DAY 512 - VOLCÁN COTOPAXI
Day 512 - Volcán Cotopaxi, Ecuador - 10258 km
After a few days in Quito I hit the road again with a lighter bike. My panniers with laptop, hard-disks, clothes and other heavy stuff I could miss for some days I shipped ahead to a town on the Pan-American highway. Just out of the city I pick up the mountain bike route (TEMBR) again which will lead through small villages on unpaved roads and around Cotopaxi. After 4 days I should be able to see my laptop again to back up my cameras, after which I will send it onwards south and cross the Pan-American highway to continue on the mountainbike route again through the mountains towards Crater lake Quilotoa. A far from straightforward route, but I’m not on these trails to make distance in a short time. I’m here to experience the rugged nature of the Andes. Be away from the heavy traffic and amongst the remote nature of the Andes and the native villages.
From Tumbaco (2350m) the cobblestone road goes up in the hills through small towns and villages, slowly leaving the urban sprawl of Quito behind. I camp along in village in a green canyon. At the end of day two I reach the refuge of Cotopaxi at 3900m. The landscape is bare and stretched out with páramo grass, the tree line far behind me. There’s a lodge with a restaurant where I stop for dinner and charge my devices. Inside are only Germans and French seniours who belong to a tour group climbing the volcano. After dinner I cycle into the cold night to set up my tent in the field. The soft green-white plains stretch out in front of me with in the nearby distance the volcano. Big black boulders are scattered around the field. It’s a beautiful cold night.
The next day I get on the trail, clockwise around Cotopaxi.
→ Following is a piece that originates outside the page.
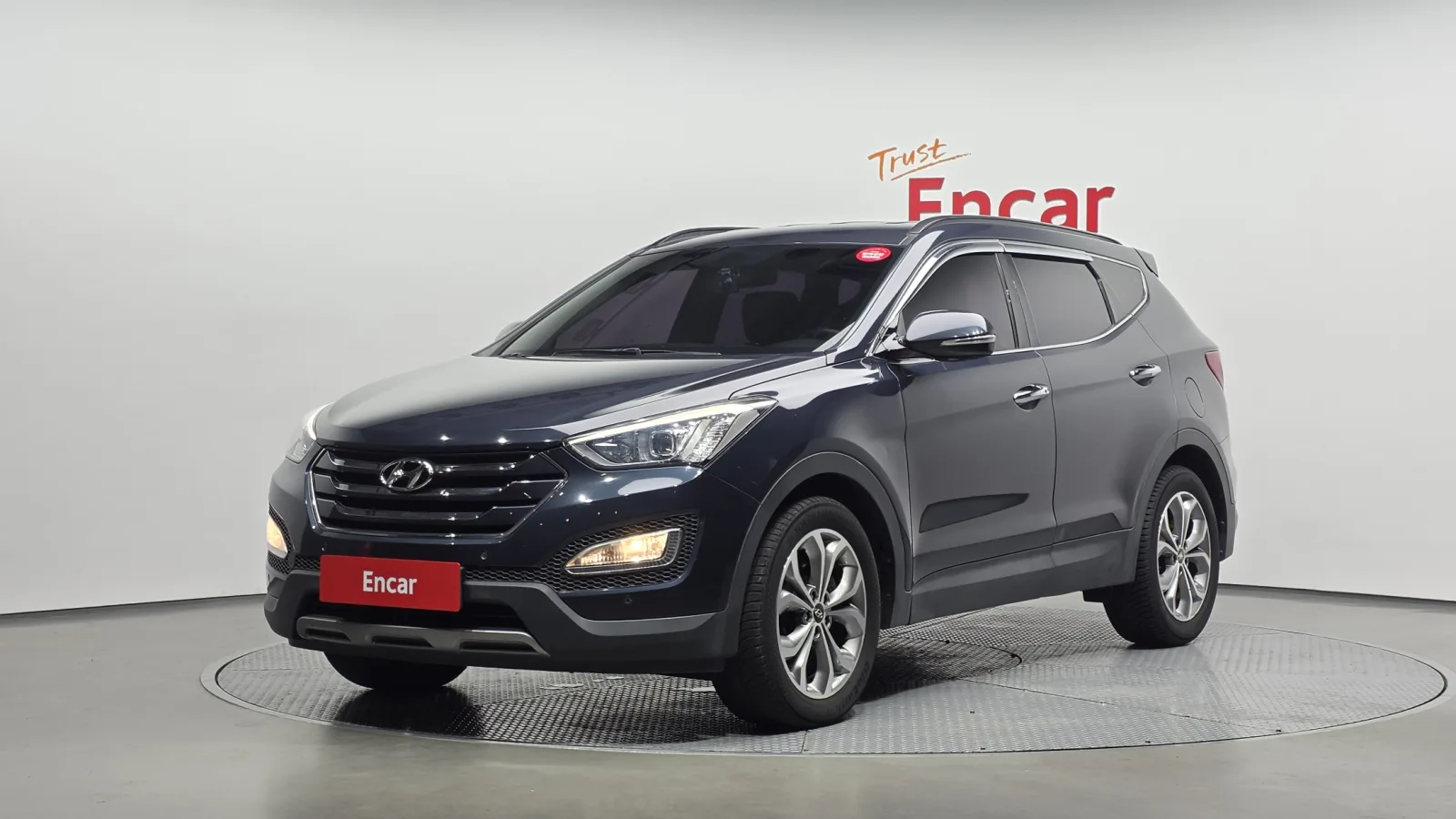 2015 Hyundai Santa Fe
While TEMBR shortcuts the volcano I’m on a different mountain bike route which is more challenging. This is the first time serious single trail for me, or even sometimes no trail at all. A different game. Although the bike is a lot lighter, progress is slower than on paved roads. 50km is a long day because of the terrain, altitude (all above 3500m) and some hike-a-bike sections, for example carrying the bike over a fence, or through a ditch or river. The sense of freedom in this landscape is incredible. The silence almost terrifying. Alone here means really alone. The only manmade thing is the vague notion of a trail ahead. But sometimes even that is gone and I just have to follow the valley and use a common sense of direction because sometimes the battery of my phone fails because of the low temperatures.
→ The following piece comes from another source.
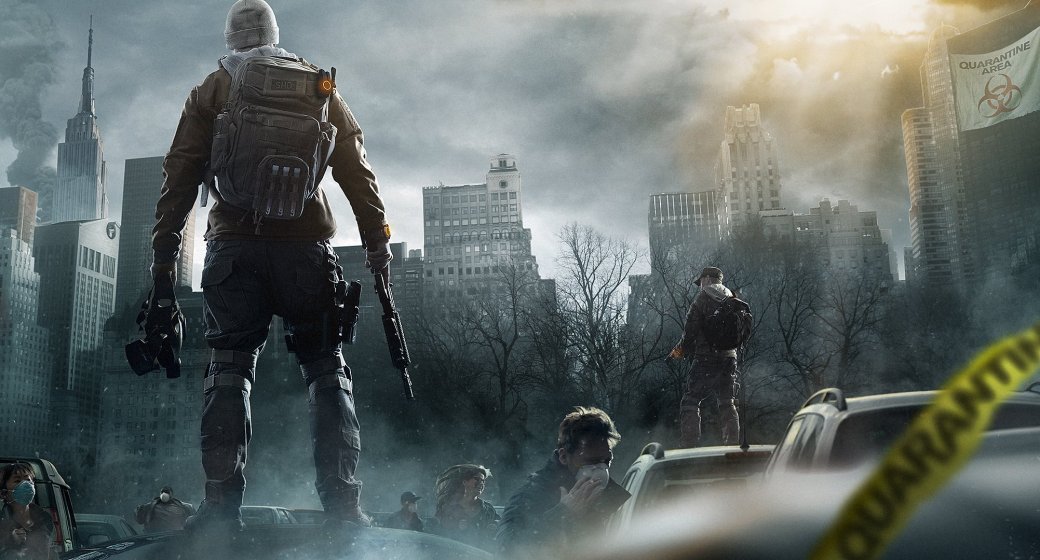 The Division от Ubisoft может выйти на персональных компьютерах — изображение 5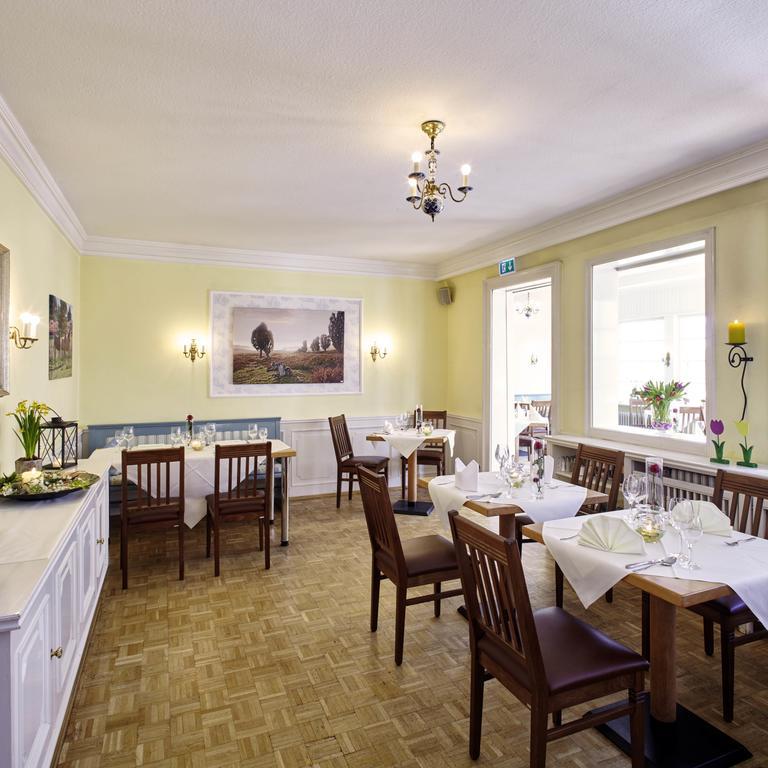 Hotel Hof Tuetsberg Bispingen Ngoại thất bức ảnh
I often wonder ‘Can it get any worse?’ And because the terrain slowed me down so much: ‘do I have enough food with me?’ and ‘Will I have enough battery power on my phone to navigate?’ because the trail sometimes completely vanished. Fears that follow up by being impressed and becoming quiet by the beauty of this grand nature. I knew I had enough food, although sometimes not more than just bread and rice. I needed to let go and surrender to the landscape and solitude. Much a different situation than following the regular roads, which at some point always provide in food, shelter, electricity, connectivity.
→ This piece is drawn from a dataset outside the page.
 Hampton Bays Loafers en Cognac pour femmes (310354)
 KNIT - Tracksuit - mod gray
There is one more pass to tackle, at 4200m the highest so far. I’m now south of the Volcano heading for the Pan-american highway. The grassland is soft and muddy. It’s almost impossible to cycle. Many stretches I have to walk and push. The altitude takes the oxygen from my lungs. A few kilometres takes me hours, dragging the bike through trenches, puddles and finally over the last hilltop. From here it’s easy. I pick up the dirt road again and let the bike roll down, through paramo, young pine tree forests and eventually farm land again. My friend Martina, whom I’d met in Quito has booked a room for me in an ancient family-owned Hacienda La Cienega where I take a good rest. This was really ‘away from it all’ for a few days.